For the Guardian, Ms Musgrave pointed to the judge’s earlier findings, the clear message in his May judgment and the finding that the mother had made no change at all, at least prior to the publication of the Guardian’s report. In this the judge was entitled to rely upon the airport incident in support of that finding.
In relation to the mother’s case on prematurity, and the suggestion that the court should have adjourned the matter, commissioned further reports or made a suspended order, Ms Musgrave submits that:
“After six years of litigation it can fairly be said that if the Appellant was minded to change herself through the process of litigation then that would have taken place before the final hearing. There were, in practice, no realistic options left to the court.”
Balance of harm
The mother’s overall case is that the evidence was simply insufficient to support the Judge’s finding as to the balance of harm and, insofar as harm was identified the finding was based on speculation and general experience, rather than upon an assessment of the child in this case.
Further, given the finding that L was able to express positive feelings to the father when they were together, and had a good and close relationship with him, it is questionable that the serious harm identified by the Judge was not made out on the evidence.

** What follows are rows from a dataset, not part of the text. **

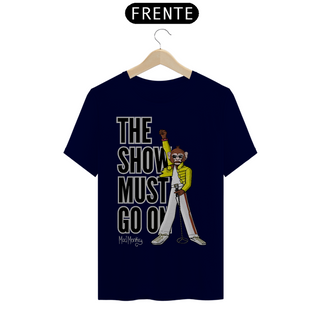 Nome do produtoCamiseta The Show Must Go On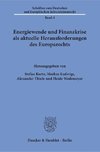 Energiewende und Finanzkrise als aktuelle Herausforderungen des Europarechts.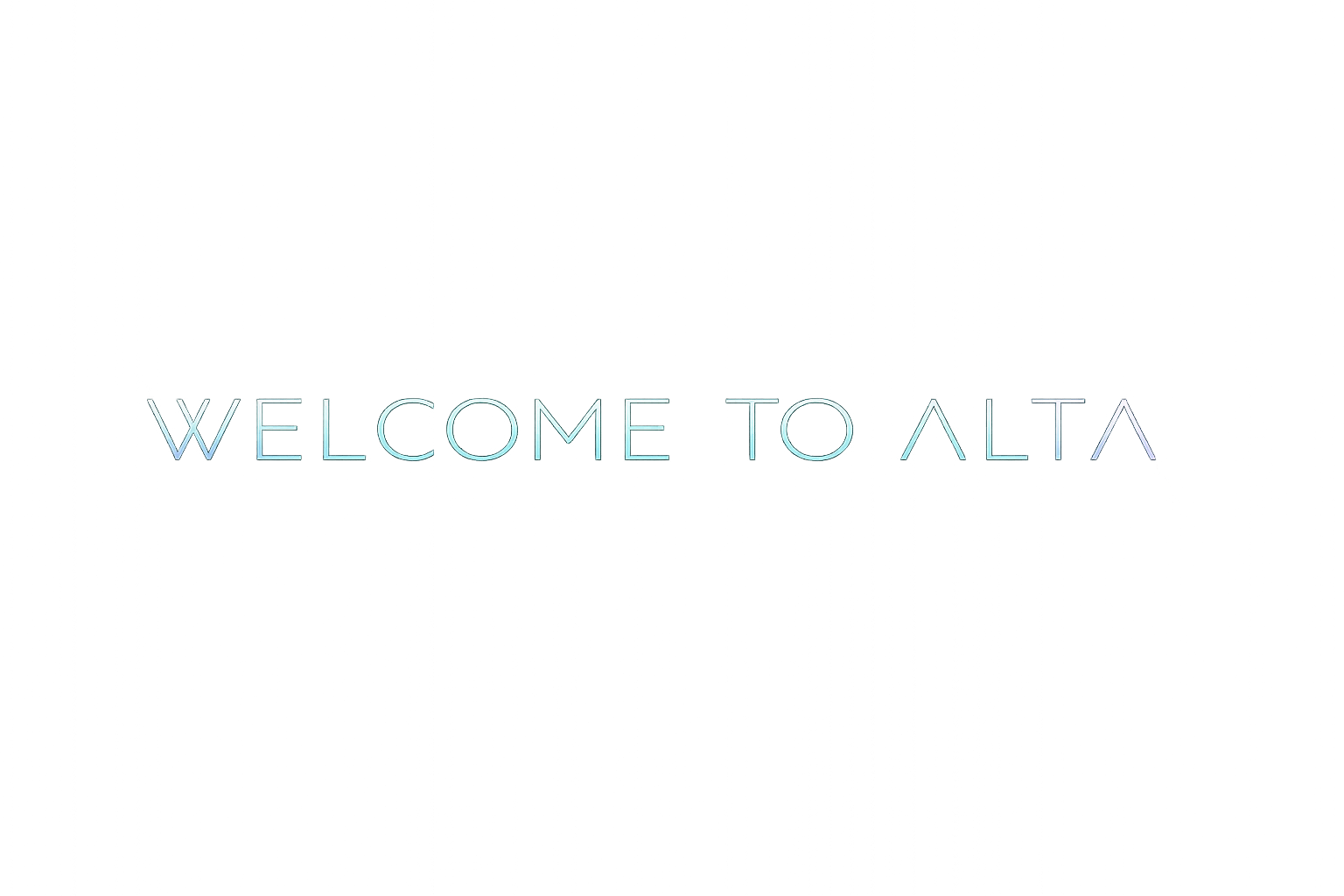 Welcome to Alta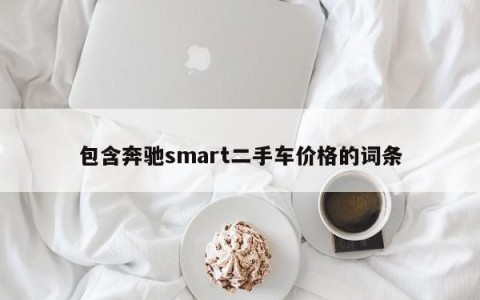 包含奔驰smart二手车价格的词条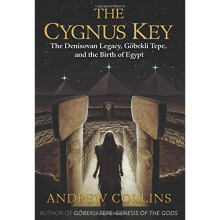The Cygnus Key: The Denisovan Legacy, Göbekli Tepe, and the Birth of Egypt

Looking at the balance the other way, it is submitted that evidence of negativity and harm in the maternal home amounted to speculation, particularly as the Guardian had not seen L in his home environment.
Mr Wilkinson further challenges the judge’s findings which place the major part of the blame for the family conflict upon the mother and grandmother, rather than taking a more rounded view given the criticisms that can be made as to the father’s personality and his responsibility for the parental conflict.
In response, although they did not put the submission in precisely these terms, Mr Veitch and Ms Musgrave’s case is that the mother’s appeal on the question of balance significantly over-complicates the reality of the case by raising all manner of factors when it is clear that the whole case turned on the emotional harm issue and the judge’s conclusion that if things stayed as they were then L would suffer emotional harm which, over time would become entrenched. That was, they submit, the deciding issue, indeed the only issue of importance, in the case and on that the judge was entitled to hold that the balance tipped in favour of a move to the father.
(Process)
In addition to the major themes identified by Williams J, Mr Wilkinson raised a number of alleged procedural deficiencies in the course of his submissions. The principal deficiency relied upon was the manner in which the Guardian’s change of recommendation at the conclusion of the other oral evidence was dealt with. Prior to that point, submits Mr Wilkinson, the mother’s case had been conducted upon the basis that the Guardian was in her favour. He did not therefore cross-examine the father in detail about the planned move to Northern Ireland (for example around schooling). All the oral evidence, he told me, was adduced on the basis that L was going to be remaining with the mother as recommended by the Guardian. In any event, when the change of view was made known to the parties, Mr Wilkinson submits that there was insufficient time for the mother to re-focus her case to meet the changed situation.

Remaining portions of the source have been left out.